Hello @tormath1, I will try to reproduce the issue in my env too, to take a better look.
Hello,
I have reproduced the behaviour in my environment using the Flatcar SDK to build a Flatcar image ~ 50% chance after running build_image and image_to_vm.sh.
But I cannot reproduce the issue manually, I have tried with this simple script:
#!/bin/bash
set -xe
umount /mnt || true
losetup -d /dev/loop6 || true
# create a loopback file of ~2GB
dd of=test.loop if=/dev/zero bs=1MB count=2048
losetup /dev/loop6 test.loop
# use the exact values from Flatcar layout
mkfs.btrfs --mixed -m single -d single --byte-count 1065345024 --label USR-A /dev/loop6
# mount the btrfs partition
mount -o relatime,seclabel,space_cache=v2,subvolid=5,subvol=/ /dev/loop6 /mnt
btrfs fi usage /mnt
# set the zstd compression
btrfs property set /mnt compression zstd
# write a ~690MB file
dd if=/dev/zero of=/mnt/test_file bs=1KB count=682490 && sync
# replace the ~690MB file with a ~459MB file
dd if=/dev/zero of=/mnt/test_file bs=1KB count=459490 && sync
# df / usage shows correctly
btrfs fi usage /mnt
# try to rebalance and remove the unused btrfs space
btrfs balance start -v -dusage=5 -musage=5 /mnt
# df / usage shows correctly again, no disparity between Free estimated and Free statsfs/df
btrfs fi usage /mnt
I think this issue is practically a non-issue, as from what I understood in the case of btrfs, the Linux syscalls used by df/statsfs are not properly showing in some conditions the actual correct values.

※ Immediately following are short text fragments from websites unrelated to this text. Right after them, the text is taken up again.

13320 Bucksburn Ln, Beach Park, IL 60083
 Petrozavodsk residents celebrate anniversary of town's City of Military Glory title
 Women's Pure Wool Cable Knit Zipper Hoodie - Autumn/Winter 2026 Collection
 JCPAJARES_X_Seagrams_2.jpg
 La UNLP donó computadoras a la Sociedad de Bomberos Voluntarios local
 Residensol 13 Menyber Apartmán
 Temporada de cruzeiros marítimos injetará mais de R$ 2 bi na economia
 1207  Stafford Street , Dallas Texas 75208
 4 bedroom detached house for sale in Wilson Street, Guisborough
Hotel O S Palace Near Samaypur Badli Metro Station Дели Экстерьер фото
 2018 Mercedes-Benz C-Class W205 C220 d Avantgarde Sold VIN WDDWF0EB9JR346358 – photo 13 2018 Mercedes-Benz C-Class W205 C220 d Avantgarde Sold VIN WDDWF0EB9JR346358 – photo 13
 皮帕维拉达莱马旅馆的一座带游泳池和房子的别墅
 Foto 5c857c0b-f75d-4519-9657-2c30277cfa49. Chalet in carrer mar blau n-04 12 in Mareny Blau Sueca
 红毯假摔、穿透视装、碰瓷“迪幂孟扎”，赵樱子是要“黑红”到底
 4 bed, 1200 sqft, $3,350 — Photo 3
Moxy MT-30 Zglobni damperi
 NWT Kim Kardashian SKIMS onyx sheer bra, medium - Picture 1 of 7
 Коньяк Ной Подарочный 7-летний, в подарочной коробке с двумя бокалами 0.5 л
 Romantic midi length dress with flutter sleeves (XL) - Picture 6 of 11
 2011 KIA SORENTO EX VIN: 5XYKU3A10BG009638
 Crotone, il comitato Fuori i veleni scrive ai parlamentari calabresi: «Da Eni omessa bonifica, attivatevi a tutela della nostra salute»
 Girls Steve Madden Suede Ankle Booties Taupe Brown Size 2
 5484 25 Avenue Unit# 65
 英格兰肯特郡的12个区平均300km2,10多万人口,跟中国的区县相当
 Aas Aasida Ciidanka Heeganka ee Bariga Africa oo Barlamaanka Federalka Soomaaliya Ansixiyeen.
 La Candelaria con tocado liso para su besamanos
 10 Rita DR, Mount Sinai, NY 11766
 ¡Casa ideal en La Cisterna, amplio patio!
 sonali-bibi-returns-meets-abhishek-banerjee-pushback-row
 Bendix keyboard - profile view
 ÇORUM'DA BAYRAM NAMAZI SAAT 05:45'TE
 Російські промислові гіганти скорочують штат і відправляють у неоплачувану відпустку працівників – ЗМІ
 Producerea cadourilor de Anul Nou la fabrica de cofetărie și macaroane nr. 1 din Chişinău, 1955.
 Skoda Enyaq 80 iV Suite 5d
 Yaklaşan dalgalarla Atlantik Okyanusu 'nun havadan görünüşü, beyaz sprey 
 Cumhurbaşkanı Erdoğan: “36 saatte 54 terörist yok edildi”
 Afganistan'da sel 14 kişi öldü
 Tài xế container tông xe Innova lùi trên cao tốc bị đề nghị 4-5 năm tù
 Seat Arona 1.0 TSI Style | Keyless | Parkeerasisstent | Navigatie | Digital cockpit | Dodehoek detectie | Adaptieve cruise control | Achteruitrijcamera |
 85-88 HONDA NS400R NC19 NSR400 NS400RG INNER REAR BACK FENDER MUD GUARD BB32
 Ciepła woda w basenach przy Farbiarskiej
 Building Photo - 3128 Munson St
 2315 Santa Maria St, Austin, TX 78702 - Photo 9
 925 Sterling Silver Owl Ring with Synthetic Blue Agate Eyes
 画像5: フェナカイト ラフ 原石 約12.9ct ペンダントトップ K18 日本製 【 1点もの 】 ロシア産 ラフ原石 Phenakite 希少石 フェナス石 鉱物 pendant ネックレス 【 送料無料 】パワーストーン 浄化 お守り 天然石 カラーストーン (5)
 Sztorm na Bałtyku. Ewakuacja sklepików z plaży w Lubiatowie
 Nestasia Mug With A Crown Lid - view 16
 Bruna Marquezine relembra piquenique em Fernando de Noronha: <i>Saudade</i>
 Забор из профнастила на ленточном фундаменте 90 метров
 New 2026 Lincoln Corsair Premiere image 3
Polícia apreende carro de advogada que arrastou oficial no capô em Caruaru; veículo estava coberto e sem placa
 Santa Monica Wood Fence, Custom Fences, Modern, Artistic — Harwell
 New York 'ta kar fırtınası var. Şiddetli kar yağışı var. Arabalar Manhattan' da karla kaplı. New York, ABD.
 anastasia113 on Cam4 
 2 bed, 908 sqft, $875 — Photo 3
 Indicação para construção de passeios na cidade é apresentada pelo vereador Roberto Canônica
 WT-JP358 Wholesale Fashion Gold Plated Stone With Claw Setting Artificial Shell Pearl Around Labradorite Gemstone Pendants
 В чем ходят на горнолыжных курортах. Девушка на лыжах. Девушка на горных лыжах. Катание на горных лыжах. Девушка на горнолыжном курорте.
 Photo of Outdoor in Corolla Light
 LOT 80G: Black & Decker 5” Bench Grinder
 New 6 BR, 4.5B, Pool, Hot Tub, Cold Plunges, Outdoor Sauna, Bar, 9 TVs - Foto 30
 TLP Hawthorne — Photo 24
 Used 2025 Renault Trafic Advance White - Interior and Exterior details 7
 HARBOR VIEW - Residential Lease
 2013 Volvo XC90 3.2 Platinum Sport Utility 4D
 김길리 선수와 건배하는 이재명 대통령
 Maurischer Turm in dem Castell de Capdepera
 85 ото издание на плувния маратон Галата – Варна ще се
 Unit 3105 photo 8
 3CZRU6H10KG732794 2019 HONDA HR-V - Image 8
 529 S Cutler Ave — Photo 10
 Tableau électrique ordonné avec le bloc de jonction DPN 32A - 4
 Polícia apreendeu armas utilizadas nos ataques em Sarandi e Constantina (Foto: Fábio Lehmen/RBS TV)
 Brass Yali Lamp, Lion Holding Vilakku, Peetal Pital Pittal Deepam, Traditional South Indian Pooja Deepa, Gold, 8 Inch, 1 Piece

I will try to reproduce the disparity, but wanted to share this starting point if anyone else is also investigating.
I have tried a few times to create the image using this small fix and the sizes are converging:
diff --git a/build_library/disk_util b/build_library/disk_util
index f94317e3c1..32893c87c4 100755
--- a/build_library/disk_util
+++ b/build_library/disk_util
@@ -660,6 +660,7 @@ def ReadWriteSubvol(options, partition, disable_rw):
with PartitionLoop(options, partition) as loop_dev:
btrfs_mount = tempfile.mkdtemp()
Sudo(['mount', '-t', 'btrfs', loop_dev, btrfs_mount])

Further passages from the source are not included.